#### Exercise aim
Within the entries below, every line containing "Front" is to be copied.

....

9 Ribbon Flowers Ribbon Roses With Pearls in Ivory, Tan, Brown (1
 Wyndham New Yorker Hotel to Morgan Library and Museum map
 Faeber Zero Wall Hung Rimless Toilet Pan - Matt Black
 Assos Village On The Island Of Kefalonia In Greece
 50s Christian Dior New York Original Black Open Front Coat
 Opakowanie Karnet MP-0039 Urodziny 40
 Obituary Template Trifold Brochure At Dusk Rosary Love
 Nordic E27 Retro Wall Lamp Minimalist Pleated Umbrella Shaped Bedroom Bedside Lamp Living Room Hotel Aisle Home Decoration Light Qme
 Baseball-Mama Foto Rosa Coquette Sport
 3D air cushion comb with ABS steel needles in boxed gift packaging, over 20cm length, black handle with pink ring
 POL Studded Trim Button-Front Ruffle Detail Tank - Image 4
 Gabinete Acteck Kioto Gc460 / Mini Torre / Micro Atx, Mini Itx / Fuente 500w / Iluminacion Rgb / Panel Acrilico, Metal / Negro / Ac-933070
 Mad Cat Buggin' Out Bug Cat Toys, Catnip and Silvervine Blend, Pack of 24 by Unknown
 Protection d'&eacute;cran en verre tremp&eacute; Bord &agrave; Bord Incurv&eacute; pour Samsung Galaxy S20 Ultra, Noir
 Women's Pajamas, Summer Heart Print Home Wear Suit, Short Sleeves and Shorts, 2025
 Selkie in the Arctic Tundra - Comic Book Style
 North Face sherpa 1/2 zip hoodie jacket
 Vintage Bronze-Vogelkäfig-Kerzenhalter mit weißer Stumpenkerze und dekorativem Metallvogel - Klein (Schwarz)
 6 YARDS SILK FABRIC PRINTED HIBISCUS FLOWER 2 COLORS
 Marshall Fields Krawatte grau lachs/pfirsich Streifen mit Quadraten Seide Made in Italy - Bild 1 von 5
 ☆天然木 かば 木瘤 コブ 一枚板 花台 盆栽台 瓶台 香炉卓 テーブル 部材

....

#### Expected output
 50s Christian Dior New York Original Black Open Front Coat
 POL Studded Trim Button-Front Ruffle Detail Tank - Image 4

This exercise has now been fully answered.